Activity: In the records that follow, count each line where the string "Usata" occurs. Provide the total and no other text.

Data in this exercise:
* * *

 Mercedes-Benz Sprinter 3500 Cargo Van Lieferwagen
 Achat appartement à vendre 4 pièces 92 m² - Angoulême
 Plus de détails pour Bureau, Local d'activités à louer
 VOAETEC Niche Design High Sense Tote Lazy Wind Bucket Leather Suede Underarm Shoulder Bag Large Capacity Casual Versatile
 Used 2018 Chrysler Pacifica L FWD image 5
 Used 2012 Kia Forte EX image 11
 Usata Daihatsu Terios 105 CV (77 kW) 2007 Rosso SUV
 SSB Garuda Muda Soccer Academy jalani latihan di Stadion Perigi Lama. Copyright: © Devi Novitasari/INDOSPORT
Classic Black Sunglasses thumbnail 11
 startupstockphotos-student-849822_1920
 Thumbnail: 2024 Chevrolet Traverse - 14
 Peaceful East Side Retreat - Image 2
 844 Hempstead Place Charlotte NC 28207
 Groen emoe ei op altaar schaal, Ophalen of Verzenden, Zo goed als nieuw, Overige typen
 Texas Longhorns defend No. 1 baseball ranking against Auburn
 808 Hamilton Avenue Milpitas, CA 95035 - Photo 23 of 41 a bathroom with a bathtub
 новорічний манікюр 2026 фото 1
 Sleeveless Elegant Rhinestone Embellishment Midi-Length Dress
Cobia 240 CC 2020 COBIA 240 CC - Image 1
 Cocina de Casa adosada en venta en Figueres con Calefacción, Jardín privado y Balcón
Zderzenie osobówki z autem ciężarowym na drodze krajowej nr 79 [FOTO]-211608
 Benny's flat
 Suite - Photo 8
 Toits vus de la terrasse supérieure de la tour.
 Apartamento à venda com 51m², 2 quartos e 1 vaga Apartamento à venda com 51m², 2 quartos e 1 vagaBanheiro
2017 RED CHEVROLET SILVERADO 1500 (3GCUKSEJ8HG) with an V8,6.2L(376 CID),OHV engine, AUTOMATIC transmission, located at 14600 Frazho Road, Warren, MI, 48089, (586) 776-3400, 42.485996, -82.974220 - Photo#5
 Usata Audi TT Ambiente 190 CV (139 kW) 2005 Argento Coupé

* * *

Response box: 2